巷口的汉服店挂出了新做的齐胸襦裙,朱红色的裙裾绣着缠枝莲,老板娘正对着镜子梳妆。她蘸了点花钿膏,在眉尾点了颗小巧的朱砂痣,转身时,鎏金步摇晃出细碎的光——那是艳妆吗?不是舞台上的浓墨重彩,是把千年的月光揉进粉黛里,每一笔都写着“认真活着”的仪式感。旁边的小姑娘盯着她的妆看了许久,指尖摩挲着自己的马尾辫,眼里跃着跃跃欲试的光。

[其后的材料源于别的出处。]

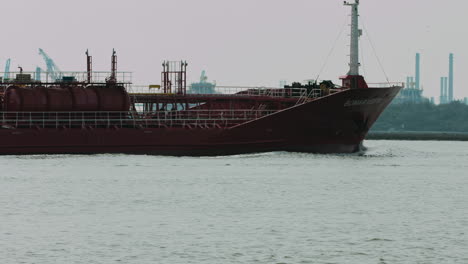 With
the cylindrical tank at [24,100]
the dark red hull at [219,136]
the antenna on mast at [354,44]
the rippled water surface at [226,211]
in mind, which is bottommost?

办公室的林姐今天穿了条湖蓝色的真丝裙,领口绣着银线的莲花。她捧着咖啡走过茶水间时,几个同事都停下了手里的杯子——那裙子像把西湖的水裁成了衣裳,裹着她身上的茉莉香,连空调风都变得温柔。小周忍不住开口:“林姐,你这裙子也太好看了吧?”林姐笑着转了个圈,裙摆旋出小小的漩涡,旁边的阿丽凑过去摸了摸面料,目光里带着艳羡:“我去年也想买条真丝裙,结果嫌贵没下手,现在看你穿,后悔死了。”
上个月去凤凰古城,我在巷子里遇到个抱着吉他的男生。他坐在青石板上唱《小城故事》,指尖拨弦时,月光从飞檐上漏下来,落在他睫毛上。我站在对面的糖画摊前,买了支蝴蝶形状的糖,听他唱到“充满喜和乐”时,他忽然抬头笑,眼睛里有星子——那是一场艳遇吗?不是世俗里的纠缠,是风与风的相遇,是两个陌生人在某一刻,共享了同一缕月光的温柔。后来我沿着沱江走,风里还飘着他的歌声,连手里的糖都甜得像加了蜜。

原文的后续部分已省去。